In the case where the opponent (often the opponent making the first lead) wants to unblock a long suit, the most powerful technique for the declarer is to “play-low”. That opponent may have an entry (e.g. Ace) and be able to run an unblocked suit and defeat the contract, but declarer must develop a plan that assumes that the dangerous opponent does not have a direct entry. The plan is thus to block communication between the weaker opponent and the dangerous opponent.

So, declarer should try to remove the dangerous suit from the weaker opponent. “Play low” and wait (if possible) is the key technique. An inexperienced declarer might prefer to take a lead of a K with their Ace, but it is more effective to take the last low-value card out of the hand of the less dangerous partner, in the hope of cutting communications between the opponents.
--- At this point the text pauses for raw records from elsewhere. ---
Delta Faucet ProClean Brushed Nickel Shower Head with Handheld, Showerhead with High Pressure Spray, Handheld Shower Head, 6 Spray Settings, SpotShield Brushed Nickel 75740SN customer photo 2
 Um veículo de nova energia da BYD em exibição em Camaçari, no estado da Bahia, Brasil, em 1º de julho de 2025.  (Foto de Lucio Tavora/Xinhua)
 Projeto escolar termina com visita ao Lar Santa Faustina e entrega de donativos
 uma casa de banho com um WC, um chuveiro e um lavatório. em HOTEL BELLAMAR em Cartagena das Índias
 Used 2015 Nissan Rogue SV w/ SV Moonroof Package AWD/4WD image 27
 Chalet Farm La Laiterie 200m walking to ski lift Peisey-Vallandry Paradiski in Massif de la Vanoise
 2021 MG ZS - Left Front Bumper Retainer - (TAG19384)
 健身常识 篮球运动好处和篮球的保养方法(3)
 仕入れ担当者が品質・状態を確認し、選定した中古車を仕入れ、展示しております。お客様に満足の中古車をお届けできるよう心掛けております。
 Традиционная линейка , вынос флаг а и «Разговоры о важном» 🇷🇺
Less expert opponents might not “see” the option to finesse the declarer, and might just play back the same suit (miracle’s happen occasionally).

A slightly less obvious situation is where the left-hand opponent leads from a 5 card Spades suit and declarer, playing in 3NT, holds AKx with xxx in dummy. Declarer might correctly place the right-hand opponent with only xx in Spades, and might think that they can take the first lead with the Ace, and even taken the second lead with the K (since the “weaker” opponent only holds xx). Declarer might think to take the first lead with the Ace, but duck the second lead of Spades. Consider that declarer is holding xxxx in Clubs and with QJ 10xx in the dummy (and needs to create 3 winners in Clubs). Declarer will assume that the remaining cards are distributed Ax and Kx. So declarer takes the first lead with the Ace, and plays x of Clubs to the Q, the left-hand opponent will (should) duck, and the trick will be won by the “weaker” opponent, who will play Spades. Now it does not matter if declarer takes it or not, the left-hand opponent still has the control of Clubs and can play out the winning Spades. Contract down! Now let us assume that declarer played low on the first lead, and took the second lead of Spades. Now playing Clubs the weaker hand on the right can not force our the remaining Spade control with declarer. Only the left-hand opponent can do so, but only using the one remaining entry, the Club honour. Contract made! If Spades were distributed 4-3, and not 5-2, then the opponents have an additional entry, at the cost of one less winning Spade. So contract made!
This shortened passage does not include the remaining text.